From mboxrd@z Thu Jan  1 00:00:00 1970
Return-Path: <linux-kernel-owner@vger.kernel.org>
Received: (majordomo@vger.kernel.org) by vger.kernel.org via listexpand
        id S1751858AbdDNEmh (ORCPT <rfc822;w@1wt.eu>);
        Fri, 14 Apr 2017 00:42:37 -0400
Received: from mail-pf0-f196.google.com ([209.85.192.196]:32943 "EHLO
        mail-pf0-f196.google.com" rhost-flags-OK-OK-OK-OK) by vger.kernel.org
        with ESMTP id S1750747AbdDNEme (ORCPT
        <rfc822;linux-kernel@vger.kernel.org>);
        Fri, 14 Apr 2017 00:42:34 -0400
Date: Fri, 14 Apr 2017 13:42:35 +0900
From: Sergey Senozhatsky <sergey.senozhatsky.work@gmail.com>
To: Petr Mladek <pmladek@suse.com>
Cc: Sergey Senozhatsky <sergey.senozhatsky@gmail.com>,
        Pavel Machek <pavel@ucw.cz>, Jan Kara <jack@suse.cz>,
        "Eric W. Biederman" <ebiederm@xmission.com>,
        Ye Xiaolong <xiaolong.ye@intel.com>,
        Steven Rostedt <rostedt@goodmis.org>,
        Andrew Morton <akpm@linux-foundation.org>,
        Linus Torvalds <torvalds@linux-foundation.org>,
        Peter Zijlstra <peterz@infradead.org>,
        "Rafael J . Wysocki" <rjw@rjwysocki.net>,
        Greg Kroah-Hartman <gregkh@linuxfoundation.org>,
        Jiri Slaby <jslaby@suse.com>, Len Brown <len.brown@intel.com>,
        linux-kernel@vger.kernel.org,
        Sergey Senozhatsky <sergey.senozhatsky.work@gmail.com>
Subject: Re: [printk]  fbc14616f4:
 BUG:kernel_reboot-without-warning_in_test_stage
Message-ID: <20170414044235.GA462@jagdpanzerIV.localdomain>
References: <20170407081449.GA12859@amd>
 <20170407121021.GA379@jagdpanzerIV.localdomain>
 <20170407124455.GC4756@amd>
 <20170407151306.GA384@tigerII.localdomain>
 <20170409101230.GB27363@amd>
 <20170410045339.GB2793@jagdpanzerIV.localdomain>
 <20170410184858.GA24226@amd>
 <20170411014635.GA3836@jagdpanzerIV.localdomain>
 <20170411161953.GA447@tigerII.localdomain>
 <20170413140321.GH16938@pathway.suse.cz>
MIME-Version: 1.0
Content-Type: text/plain; charset=us-ascii
Content-Disposition: inline
In-Reply-To: <20170413140321.GH16938@pathway.suse.cz>
User-Agent: Mutt/1.8.0 (2017-02-23)
Sender: linux-kernel-owner@vger.kernel.org
List-ID: <linux-kernel.vger.kernel.org>
X-Mailing-List: linux-kernel@vger.kernel.org

Hello Petr,

thanks for taking a look!

On (04/13/17 16:03), Petr Mladek wrote:
> > +static inline bool console_offload_printing(void)
> > +{
> > +	static struct task_struct *printing_task = NULL;
> > +	static unsigned long lines_printed = 0;
> > +
> > +	if (!atomic_print_limit || !printk_kthread_enabled())
> > +		return false;
> > +
> > +	/* We rescheduled - reset the counters. */
> > +	if (printing_task != current) {
> > +		lines_printed = 0;
> > +		printing_task = current;
> > +		return false;
> > +	}
> 
> If we want to check that the process rescheduled, we should
> store/check also current->nvcsw + current->nivcsw.

ok.

[..]
> My only fear is that it is getting more and more complicated.
> On the other hand, any partial solution is asking for
> troubles and complains.

yeah. we have to aim slightly different and conflicting targets - introducing
a new printk behavior, while preserving an already existing guarantees. which
is a bit tricky.


[..]
> > +	if (lines_printed > 2 * (unsigned long)atomic_print_limit) {
> > +		printk_enforce_emergency = true;
> > +		pr_crit("Declaring printk emergency mode.\n");
> > +		return false;
> > +	}
> 
> The only messages that are printed on my workstation are the same
> few lines everytime I connect my phone over USB to get it charged.

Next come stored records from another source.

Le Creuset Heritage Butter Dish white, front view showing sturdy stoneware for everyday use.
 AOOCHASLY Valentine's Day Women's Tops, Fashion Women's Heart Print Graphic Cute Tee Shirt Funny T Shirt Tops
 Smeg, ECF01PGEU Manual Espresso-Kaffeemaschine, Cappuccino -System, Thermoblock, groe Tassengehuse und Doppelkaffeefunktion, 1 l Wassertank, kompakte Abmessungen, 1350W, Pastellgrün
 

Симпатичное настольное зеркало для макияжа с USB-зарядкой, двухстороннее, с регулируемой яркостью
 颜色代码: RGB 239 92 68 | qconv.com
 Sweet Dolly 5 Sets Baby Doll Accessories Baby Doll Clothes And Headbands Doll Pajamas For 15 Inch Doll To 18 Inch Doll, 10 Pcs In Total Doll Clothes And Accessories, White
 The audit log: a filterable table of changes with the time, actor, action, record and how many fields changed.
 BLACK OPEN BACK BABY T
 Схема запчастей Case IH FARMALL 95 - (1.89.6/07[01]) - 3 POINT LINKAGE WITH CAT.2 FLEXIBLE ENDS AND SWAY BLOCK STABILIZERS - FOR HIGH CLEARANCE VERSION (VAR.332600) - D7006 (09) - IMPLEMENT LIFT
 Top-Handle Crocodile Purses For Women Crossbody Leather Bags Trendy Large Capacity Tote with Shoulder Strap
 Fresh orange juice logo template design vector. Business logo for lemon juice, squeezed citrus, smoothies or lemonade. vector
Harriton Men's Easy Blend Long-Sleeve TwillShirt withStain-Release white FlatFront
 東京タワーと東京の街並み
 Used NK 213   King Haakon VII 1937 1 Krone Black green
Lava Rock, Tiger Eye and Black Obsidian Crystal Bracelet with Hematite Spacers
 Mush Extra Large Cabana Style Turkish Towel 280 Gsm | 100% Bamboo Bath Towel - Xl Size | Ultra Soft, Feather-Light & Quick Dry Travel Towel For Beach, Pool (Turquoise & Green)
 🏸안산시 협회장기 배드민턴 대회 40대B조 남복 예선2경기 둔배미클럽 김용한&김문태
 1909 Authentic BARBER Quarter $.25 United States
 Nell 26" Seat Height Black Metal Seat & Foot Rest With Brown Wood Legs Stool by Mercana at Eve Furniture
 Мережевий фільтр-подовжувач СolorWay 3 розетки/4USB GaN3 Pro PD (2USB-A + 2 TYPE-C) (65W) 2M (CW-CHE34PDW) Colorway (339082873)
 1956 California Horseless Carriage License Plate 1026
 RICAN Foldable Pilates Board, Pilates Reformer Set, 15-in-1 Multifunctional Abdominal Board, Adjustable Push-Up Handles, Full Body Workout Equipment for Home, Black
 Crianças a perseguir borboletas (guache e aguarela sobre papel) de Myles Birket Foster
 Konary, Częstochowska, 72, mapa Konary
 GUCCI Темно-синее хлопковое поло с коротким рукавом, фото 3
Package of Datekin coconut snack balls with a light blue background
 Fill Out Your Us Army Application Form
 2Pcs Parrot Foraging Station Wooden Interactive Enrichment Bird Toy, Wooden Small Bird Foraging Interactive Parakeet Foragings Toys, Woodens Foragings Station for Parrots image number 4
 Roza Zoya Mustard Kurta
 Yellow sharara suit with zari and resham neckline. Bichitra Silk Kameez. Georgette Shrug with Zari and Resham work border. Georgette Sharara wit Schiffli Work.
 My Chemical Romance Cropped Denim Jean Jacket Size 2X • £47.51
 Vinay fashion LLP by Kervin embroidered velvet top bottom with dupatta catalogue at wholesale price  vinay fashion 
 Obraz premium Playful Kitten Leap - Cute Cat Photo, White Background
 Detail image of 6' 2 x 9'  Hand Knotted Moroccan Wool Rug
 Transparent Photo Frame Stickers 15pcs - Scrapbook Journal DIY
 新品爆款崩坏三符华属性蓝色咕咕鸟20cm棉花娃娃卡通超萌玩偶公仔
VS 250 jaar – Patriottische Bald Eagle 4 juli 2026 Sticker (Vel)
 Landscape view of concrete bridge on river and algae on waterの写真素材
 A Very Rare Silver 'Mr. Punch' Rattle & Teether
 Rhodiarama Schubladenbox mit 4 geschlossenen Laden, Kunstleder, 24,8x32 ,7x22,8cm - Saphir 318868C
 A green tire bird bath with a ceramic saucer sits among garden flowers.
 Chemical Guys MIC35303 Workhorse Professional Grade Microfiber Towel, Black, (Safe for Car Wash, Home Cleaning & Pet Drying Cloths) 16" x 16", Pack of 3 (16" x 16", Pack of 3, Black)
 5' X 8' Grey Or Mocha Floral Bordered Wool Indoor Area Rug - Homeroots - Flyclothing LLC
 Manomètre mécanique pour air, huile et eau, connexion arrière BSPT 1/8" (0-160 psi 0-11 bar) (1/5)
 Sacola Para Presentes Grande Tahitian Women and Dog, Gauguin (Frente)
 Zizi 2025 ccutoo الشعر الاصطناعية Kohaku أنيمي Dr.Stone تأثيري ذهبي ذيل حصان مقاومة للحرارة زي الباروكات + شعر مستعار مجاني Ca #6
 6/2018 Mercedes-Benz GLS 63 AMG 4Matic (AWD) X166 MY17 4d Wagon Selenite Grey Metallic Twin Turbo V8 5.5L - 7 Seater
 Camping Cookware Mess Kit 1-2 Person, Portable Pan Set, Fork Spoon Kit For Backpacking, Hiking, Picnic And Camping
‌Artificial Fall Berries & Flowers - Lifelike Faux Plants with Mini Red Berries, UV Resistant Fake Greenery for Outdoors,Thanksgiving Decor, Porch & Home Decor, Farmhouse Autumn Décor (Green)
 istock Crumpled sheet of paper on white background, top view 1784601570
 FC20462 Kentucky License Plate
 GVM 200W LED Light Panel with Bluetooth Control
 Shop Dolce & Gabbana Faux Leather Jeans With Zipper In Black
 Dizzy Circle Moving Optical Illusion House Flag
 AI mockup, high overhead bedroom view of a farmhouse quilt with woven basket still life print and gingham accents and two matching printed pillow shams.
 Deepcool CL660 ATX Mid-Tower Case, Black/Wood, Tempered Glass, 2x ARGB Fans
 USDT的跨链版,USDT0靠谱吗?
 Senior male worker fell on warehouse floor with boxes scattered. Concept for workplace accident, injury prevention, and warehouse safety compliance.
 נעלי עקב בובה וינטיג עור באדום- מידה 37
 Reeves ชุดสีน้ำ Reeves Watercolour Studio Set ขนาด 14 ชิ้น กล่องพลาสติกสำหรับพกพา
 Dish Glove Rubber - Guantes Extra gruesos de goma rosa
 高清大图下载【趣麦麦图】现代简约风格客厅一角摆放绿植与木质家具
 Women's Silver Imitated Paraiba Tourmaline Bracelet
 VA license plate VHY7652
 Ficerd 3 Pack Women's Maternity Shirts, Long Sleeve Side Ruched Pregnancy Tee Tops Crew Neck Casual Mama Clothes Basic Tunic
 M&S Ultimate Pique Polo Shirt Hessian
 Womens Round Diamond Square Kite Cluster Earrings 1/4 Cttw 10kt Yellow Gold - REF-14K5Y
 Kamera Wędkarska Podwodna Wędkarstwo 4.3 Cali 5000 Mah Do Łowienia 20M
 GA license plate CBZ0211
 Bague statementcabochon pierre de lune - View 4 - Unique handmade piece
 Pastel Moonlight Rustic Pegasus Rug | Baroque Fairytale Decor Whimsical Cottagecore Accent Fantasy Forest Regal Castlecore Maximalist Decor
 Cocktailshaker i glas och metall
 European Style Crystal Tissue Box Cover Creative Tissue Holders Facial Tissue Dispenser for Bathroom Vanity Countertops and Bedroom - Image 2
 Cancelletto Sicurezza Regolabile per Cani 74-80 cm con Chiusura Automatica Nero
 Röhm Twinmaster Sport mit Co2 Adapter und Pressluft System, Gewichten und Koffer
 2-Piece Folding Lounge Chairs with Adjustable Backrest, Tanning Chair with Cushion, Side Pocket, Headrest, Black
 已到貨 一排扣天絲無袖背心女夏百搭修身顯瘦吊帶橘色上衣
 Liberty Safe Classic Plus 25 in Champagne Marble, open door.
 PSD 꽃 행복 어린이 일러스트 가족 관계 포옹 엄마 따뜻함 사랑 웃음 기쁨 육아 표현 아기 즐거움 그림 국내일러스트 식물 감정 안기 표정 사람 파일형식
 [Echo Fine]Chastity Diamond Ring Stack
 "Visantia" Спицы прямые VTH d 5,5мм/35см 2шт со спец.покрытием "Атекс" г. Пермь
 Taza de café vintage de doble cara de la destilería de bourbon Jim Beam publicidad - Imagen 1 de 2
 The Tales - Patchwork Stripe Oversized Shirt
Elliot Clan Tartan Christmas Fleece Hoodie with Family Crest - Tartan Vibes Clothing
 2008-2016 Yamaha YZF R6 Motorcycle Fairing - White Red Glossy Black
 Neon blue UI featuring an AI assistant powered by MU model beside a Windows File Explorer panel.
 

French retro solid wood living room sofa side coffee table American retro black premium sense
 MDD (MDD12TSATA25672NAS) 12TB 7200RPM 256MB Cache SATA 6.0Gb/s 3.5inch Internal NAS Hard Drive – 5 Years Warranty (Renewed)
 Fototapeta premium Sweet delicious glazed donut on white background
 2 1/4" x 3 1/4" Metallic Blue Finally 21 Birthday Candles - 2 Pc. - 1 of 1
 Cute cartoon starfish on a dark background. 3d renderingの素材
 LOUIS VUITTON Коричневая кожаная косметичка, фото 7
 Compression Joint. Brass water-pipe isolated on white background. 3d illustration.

you are right. this is a known and yet to be resolved issue.


> It might help to check the number of process switch counts as
> suggested above.

will take a look at your 'current->nvcsw + current->nivcsw' idea.
thanks.


[..]
> > +		/*
> > +		 * Sometimes we may lock console_sem before printk_kthread.
> > +		 * In this case we will jump to `again' label (if there are
> > +		 * pending messages), print one more line from current
> > +		 * process, break out of printing loop (we don't reset the
> > +		 * counter of printed lines) and do up_console_sem() to
> > +		 * wakeup printk_kthread again.
> > +		 *
> > +		 * If printk_kthread never wakes up (which may indicate that
> > +		 * the system is unstable or something weird is going on),
> > +		 * then we will keep jumping to `again' label and printing
> > +		 * one message from the logbuf. This is a bit ugly, but at
> > +		 * least we will print out the logbuf.
> > +		 *
> > +		 * If such condition occurs, console_offload_printing() can
> > +		 * declare `printk_emergency' at some point.
> 
> I am a bit confused by the comment above. The again goto target is
> used only when there is a race between leaving the loop and releasing
> the console_sem. It is a corner case.

not really.

this is the part where "preserve printk guarantees" jumps in.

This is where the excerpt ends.